Pannenberg notes that since the time of the literary figure Jean Paul (1763-1825) and the philosopher G. W. F. Hegel (1770-1831) people have talked about the absence or death of God.6 In 1957, Pannenberg continues, Gabriel Vahanian used the phrase “the death of God” for his analysis of contemporary culture. What is meant by this talk is not a metaphysical thesis about the nonexistence of God but the irrelevance of God, the lack of experiencing God, in concrete experience. Modern secular culture, at least as it is represented by the news media, thinks it gets along quite well without God. Armed with technology based on scientific descriptions of the material and social universes, modern society aims to affect life and control the environment against the risk and contingencies of death and chaos. Modern man, who has expelled God from his universe, thinks he has achieved a relatively high measure of security in individual life through science, technology, and social engineering.

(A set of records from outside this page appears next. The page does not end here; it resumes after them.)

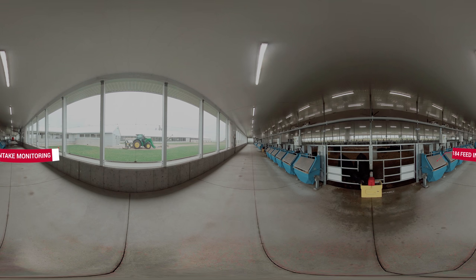The bins rest on scales and track every aspect of feeding behavior, including how much, how long, and how frequently any individual cow feeds.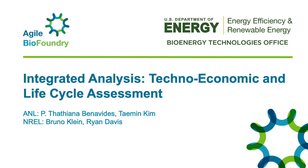Hi, I'm Tatiana Benavides. With Time and Kim, Bruno Klein, and Ryan Davis, we are part of the integrated analysis team at the Agile BioFoundry.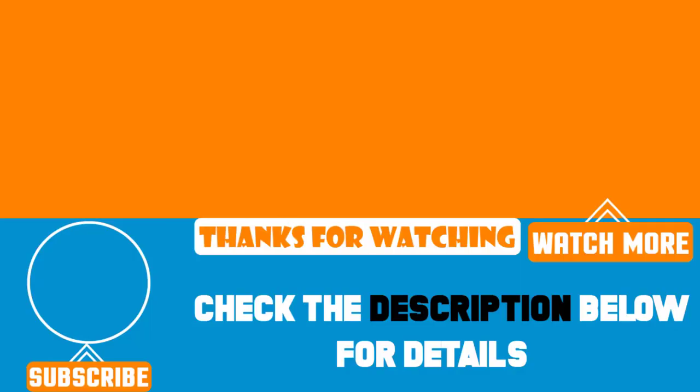That's all for today. We upload brand new videos every single day, so don't forget to subscribe and hit the bell button for upcoming video notifications.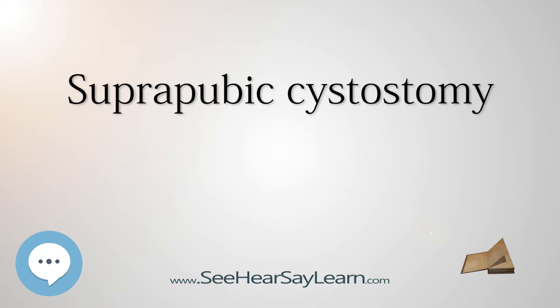Medical uses — failed urethral catheter and long-term usage: If left in long-term, urethral catheters can lead to acquired hypospadias and recurrent or chronic UTIs, urinary tract infections.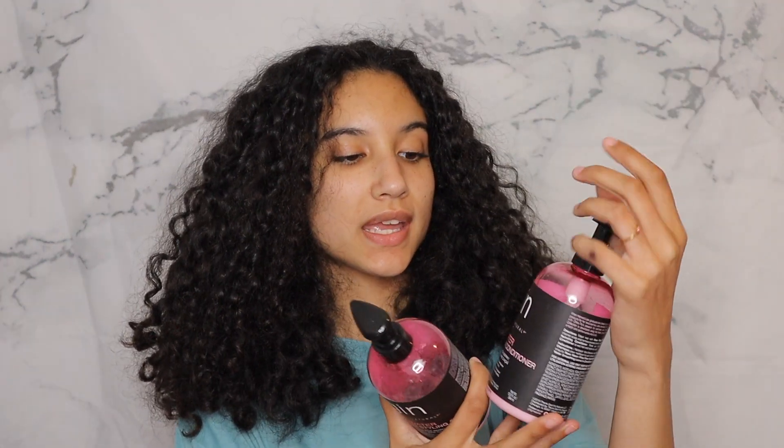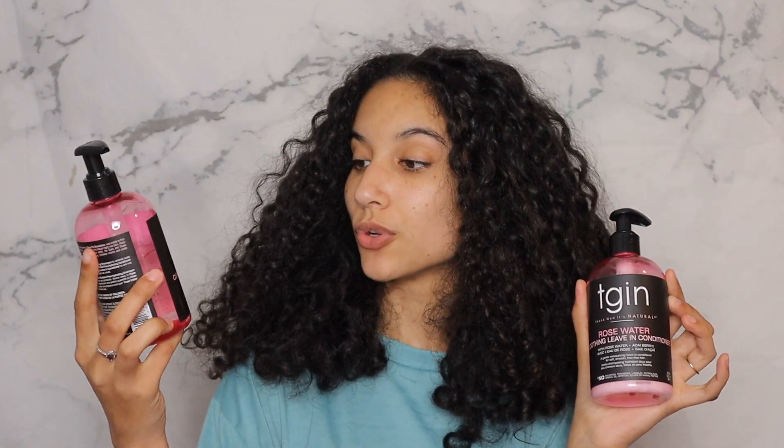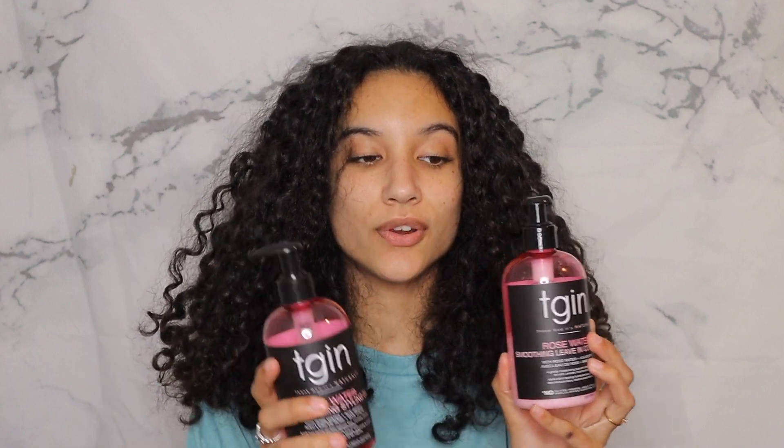This is just a precautionary measure. The products I'll be using to refresh my hair today are the TGIN Rosewater Smoothing Leave-In Conditioner and the TGIN Rosewater Curl Defining Styling Gel. I haven't used these products in literally forever. For my last wash and go I used the Camille Rose Curl Maker, and before that I had used the Miel Moisture RX Moisture Butter in my hair.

Contemporary theologians reinforce the contemporary vox populi. Pannenberg also notes that dialectical theology by its emphasis on the absolute transcendence of God, existential theology by its denial that God is approachable as a being in himself, and Paul Tillich by his theory that God is absorbed into the world by disappearing into its “depth” — as well as other contemporary notions about God — all deny the possibility of a personal relationship with the God of Scripture.7
As a result modern culture and secular man have lost both God and meaning, sure values, and stable communities. Modern man, emancipated from God’s revelation and traditional institutions, including the church and family, is profoundly afraid of the future and lonely in the present. Pannenberg elaborates upon the consequences of loneliness.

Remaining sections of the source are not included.